Lee‐Yaw et al. (2019) have found that positive selection on chloroplast genes may have been deeply involved in cytonuclear discordance. However, our results only provided scant evidence of positive selection on the chloroplast genome (Table 1). We identified a low level of sequence variation for our 79 protein‐code genes, and most of the fixed amino acid substitutions between the two main clades were predicted to be of little functional consequence. Only ycf1 may have been found subject to positive selection, as previously reported by Huang et al. (2014) and Lee‐Yaw et al. (2019). ycf1 has high sequence variability in seed plants (Dong et al., 2012) and encodes Tic214, a vital component of translocon of the inner membrane of chloroplasts (TIC) complex in Arabidopsis (Kikuchi et al., 2013), but little knowledge exists for other plants. At this time, positive selection seems unlikely to be a main cause for the deep divergence and steep cline of the chloroplast genome in Asian butternuts.

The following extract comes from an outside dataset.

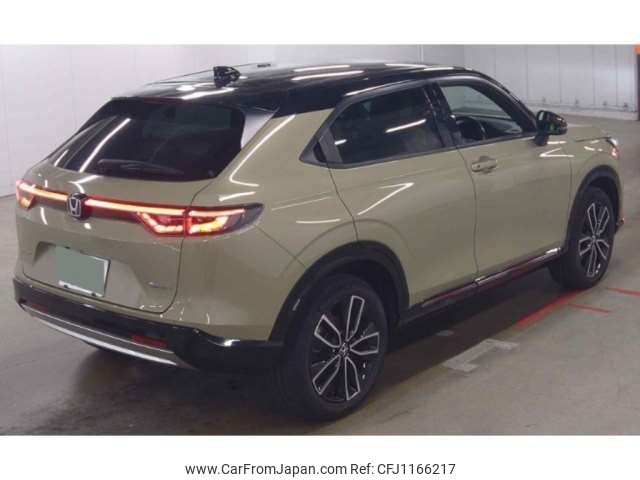 honda vezel 2021 -HONDA 【名古屋 330ﾉ4831】--VEZEL 6AA-RV5--RV5-1028305---HONDA 【名古屋 330ﾉ4831】--VEZEL 6AA-RV5--RV5-1028305- image 2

As regards the nuclear genome, only moderate levels of genetic differentiation were found between the two clades. Mean F ST across the genome was 0.098 ± 0.066, similar to the value between northeast and central populations of a similarly distributed taxa, Populus davidiana, 0.091 (Hou et al., 2020). Hou et al. (2020) also found that very few highly differentiated regions under selection have existed between northeast and central populations. In our case, only two adjacent candidate regions harbouring two genes were identified under selection (Fig. 4). One of the two genes under selection is a TVP38/TMEM64 family membrane protein encoding gene, which may link with the shell thickness of walnut (Bernard et al., 2021). The pattern of selection is consistent with the result of IBE analysis in which genetic distance is not associated with environmental distance (Fig. 5). These results converge to a limited role of selection in the formation of a narrow hybrid zone between the two clades. That only weak selection was detected for Asian butternuts may be simply due to their small effective population sizes since 0.5 Ma (Fig. 3a). All in all, the weak selection detected for Asian butternuts appears also insufficient to explain the discordance pattern.

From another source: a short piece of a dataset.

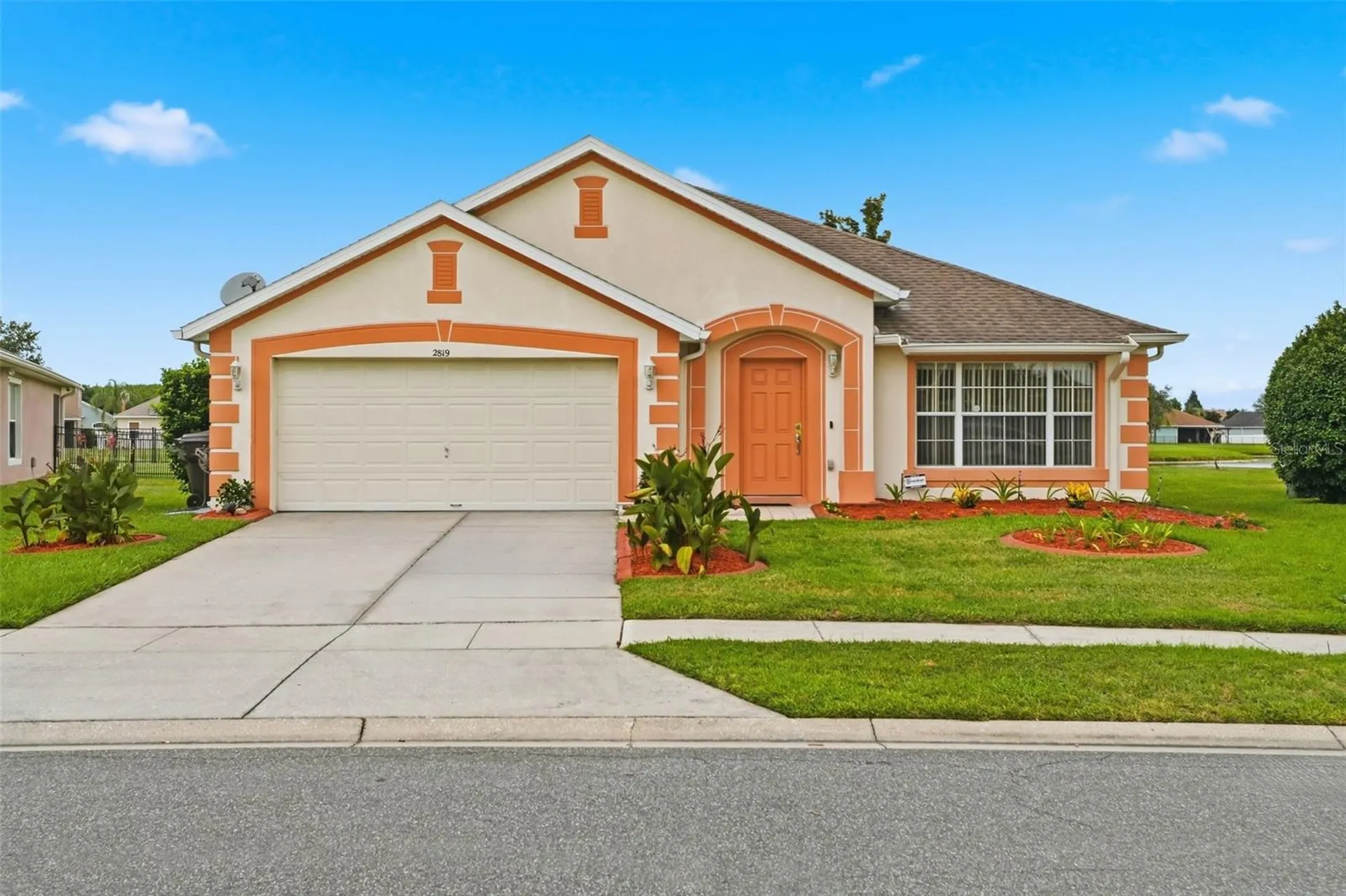2819 Maguire Drive Kissimmee FL 34741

The set of nuclear genes necessary to interact with organelles might exhibit coadaptation and the same evolution pattern with the organelle genome, whereas most of the other nuclear genes showed a different pattern, that is cytonuclear incompatibilities. Recent studies on the hybrid zone of European rabbit and killifish have found that heterogeneous introgression among loci could have been caused by cytonuclear incompatibilities at early stages of population divergence (Strand et al., 2012; Carneiro et al., 2013). In our datasets of 144 mitochondrial, 117 chloroplast and 39 dual targeted genes, Structure analyses with all the SNPs showed a similar population structure to the nuclear genome rather than the chloroplast genome (Fig. S5). Additionally, F ST for each polymorphic site of these genes were much lower than chloroplast F ST (Fig. 3b). As a consequence, cytonuclear incompatibility is unlikely to explain the branch‐length and geographical discordance observed in Asian butternuts. Nevertheless, owning to limited information on cytonuclear interaction genes available for nonmodel species, it is reasonable to doubt that not all interaction genes have been included in the analysis. As such, we hope our inevitably tentative analysis of cytonuclear incompatibility will provide an incentive for future explorations in nonmodel species.
Different rates of pollen and seed gene flow most likely cause cytonuclear discordance
Given that other mechanisms of discordance have preliminarily been ruled out, sex‐biased dispersal stands out as the most probable explanation, especially for the branch‐length discordance observed for Asian butternuts. It is very easy to see that extensive pollen dispersal connects different populations well for nuclear DNA, while at the same time chloroplast DNA remains largely separated. In a similar theme, Huang et al. (2014) invoked chloroplast capture from an extinct poplar species to explain deep divergence in chloroplast DNA in combination with shallow nuclear divergence for balsam poplars, through elimination of incomplete lineage sorting and positive selection. Nevertheless, this hypothesis is very difficult to verify in the absence of additional evidence for signatures of ghost introgression in the nuclear genome. By contrast, Irwin (2002) put forward that deep divergence of chloroplast or mitochondrial DNA can readily emerge due to a rather small amount of dispersal limitation in continuous populations without geographic isolation. Therefore, we consider different rates of pollen and seed gene flow associated with sex‐biased dispersal as the more likely explanation of branch‐length discordance. The IBD results provided indirect evidence for differential gene flow as we found significant IBD only for nuclear genomes, but not for the chloroplast genome, which implies that the chloroplast genome was unconnected by seed gene flow. Juglans species are wind pollinated and pollen can travel across several kilometres, whereas fruits (walnuts) are heavy and fall in the vicinity of maternal trees, with a very small proportion successfully dispersed by scatter‐hoarding rodents (Ma et al., 2001, 2005). Such pronounced asymmetry in pollen vs seed dispersal is reconfirmed by our migrate analysis showing, for example, 37.91 migrants per generation from the southern to northern clade for nuclear DNA and merely 0.4 migrants per generation for chloroplast DNA.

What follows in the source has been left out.